4/5 bintang
Mewujudkan salah satu penjahat paling terkenal dalam sejarah Korea, Hwang Jung-min memberikan penampilan ganas dalam blockbuster politik Kim Sung-su 12.12: The Day.
Mendramatisasi salah satu hari tergelap di masa lalu bangsa baru-baru ini, film bertabur bintang ini merinci peristiwa apokaliptik yang mengikuti pembunuhan Presiden Park Chung-hee pada Oktober 1979.
Alih-alih mengantarkan “Musim Semi Seoul” dari perubahan yang penuh harapan, kebuntuan antara politisi senior dan pemimpin militer memuncak dalam kudeta 12 Desember, ketika Mayor Jenderal Chun Doo-hwan merebut kekuasaan dan mengarahkan negara itu ke babak tergelapnya hingga saat ini.
Nama asli telah sedikit diubah dalam penceritaan ulang Kim yang setia, yang menjadi hit domestik terbesar tahun 2023 di Korea Selatan.
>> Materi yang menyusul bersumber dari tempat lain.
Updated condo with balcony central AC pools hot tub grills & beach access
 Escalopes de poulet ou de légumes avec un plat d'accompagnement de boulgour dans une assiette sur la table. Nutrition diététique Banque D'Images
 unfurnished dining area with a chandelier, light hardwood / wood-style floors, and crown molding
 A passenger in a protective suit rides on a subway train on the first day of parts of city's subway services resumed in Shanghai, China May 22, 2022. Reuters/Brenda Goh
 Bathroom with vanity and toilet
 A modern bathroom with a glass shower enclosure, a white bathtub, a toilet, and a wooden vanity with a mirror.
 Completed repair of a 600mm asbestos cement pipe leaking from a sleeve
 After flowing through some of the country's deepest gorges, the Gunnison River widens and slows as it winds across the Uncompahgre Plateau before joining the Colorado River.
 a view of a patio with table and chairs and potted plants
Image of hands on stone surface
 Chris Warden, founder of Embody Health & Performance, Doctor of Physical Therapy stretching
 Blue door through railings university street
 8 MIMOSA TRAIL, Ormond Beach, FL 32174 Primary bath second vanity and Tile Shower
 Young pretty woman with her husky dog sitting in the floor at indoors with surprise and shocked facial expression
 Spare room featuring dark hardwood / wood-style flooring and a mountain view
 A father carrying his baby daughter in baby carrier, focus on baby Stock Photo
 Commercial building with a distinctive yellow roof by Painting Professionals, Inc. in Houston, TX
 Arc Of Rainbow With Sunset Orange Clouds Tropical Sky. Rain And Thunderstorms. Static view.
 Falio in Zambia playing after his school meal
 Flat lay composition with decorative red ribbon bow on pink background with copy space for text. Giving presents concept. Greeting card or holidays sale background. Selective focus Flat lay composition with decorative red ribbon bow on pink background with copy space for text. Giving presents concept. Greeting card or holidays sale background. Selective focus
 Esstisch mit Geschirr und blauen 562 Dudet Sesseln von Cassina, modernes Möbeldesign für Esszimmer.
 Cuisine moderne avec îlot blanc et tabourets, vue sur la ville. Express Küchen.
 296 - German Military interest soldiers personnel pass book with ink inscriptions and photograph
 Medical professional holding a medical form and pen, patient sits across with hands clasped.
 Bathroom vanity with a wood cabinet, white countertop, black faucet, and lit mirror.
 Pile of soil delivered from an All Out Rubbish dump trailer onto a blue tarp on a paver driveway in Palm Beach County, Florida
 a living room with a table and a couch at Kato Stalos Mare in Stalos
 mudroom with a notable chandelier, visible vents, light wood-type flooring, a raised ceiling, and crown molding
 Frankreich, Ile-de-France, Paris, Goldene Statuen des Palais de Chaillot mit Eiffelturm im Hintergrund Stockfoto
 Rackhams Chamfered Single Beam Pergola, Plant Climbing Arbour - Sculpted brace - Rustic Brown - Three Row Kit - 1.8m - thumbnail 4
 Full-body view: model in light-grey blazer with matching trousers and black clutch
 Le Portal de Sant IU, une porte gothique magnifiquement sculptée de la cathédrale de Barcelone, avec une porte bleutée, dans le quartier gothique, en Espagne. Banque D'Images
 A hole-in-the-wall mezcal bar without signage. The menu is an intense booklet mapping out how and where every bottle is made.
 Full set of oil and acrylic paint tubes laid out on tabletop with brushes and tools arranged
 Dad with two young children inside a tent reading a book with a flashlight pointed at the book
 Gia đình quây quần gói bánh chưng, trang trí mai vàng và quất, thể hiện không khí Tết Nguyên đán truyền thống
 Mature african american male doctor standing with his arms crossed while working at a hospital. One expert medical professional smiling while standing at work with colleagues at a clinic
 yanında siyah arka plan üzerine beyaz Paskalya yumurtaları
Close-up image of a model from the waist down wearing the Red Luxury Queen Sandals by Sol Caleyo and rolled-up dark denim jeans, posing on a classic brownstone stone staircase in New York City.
Ini adalah yang terbaru dalam serangkaian film sejarah populer, setelah A Taxi Driver (2017), 1987: When the Day Comes (2017), dan The Man Standing Next (2020), untuk membedah periode penuh gejolak antara kematian Presiden Park dan Deklarasi 29 Juni 1987, di mana kandidat presiden saat itu Roh Tae-woo berjanji untuk menggerakkan negara menuju demokrasi dan reformasi sosial setelah bertahun-tahun pemerintahan otoriter Chun.
Film-film sampai sekarang cenderung mengitari kudeta itu sendiri, tetapi peragaan ulang Kim yang hingar bingar menyajikan laporan whistle-stop tentang perebutan kekuasaan kejam Chun, hampir tidak berhenti cukup lama bagi mereka yang tidak terbiasa dengan fakta untuk mengikutinya.
Berdiri di jalan Chun adalah komandan Jung Woo-sung yang tabah dan tak tergoyahkan dari Komando Garnisun Ibu Kota Lee Tae-shin (berdasarkan Jang Tae-wan). Sebagai pengawas keamanan militer Seoul, Lee melihat otoritas dan tenaga kerjanya menguap ketika Chun mempersenjatai kepemimpinan negara untuk berada di belakangnya.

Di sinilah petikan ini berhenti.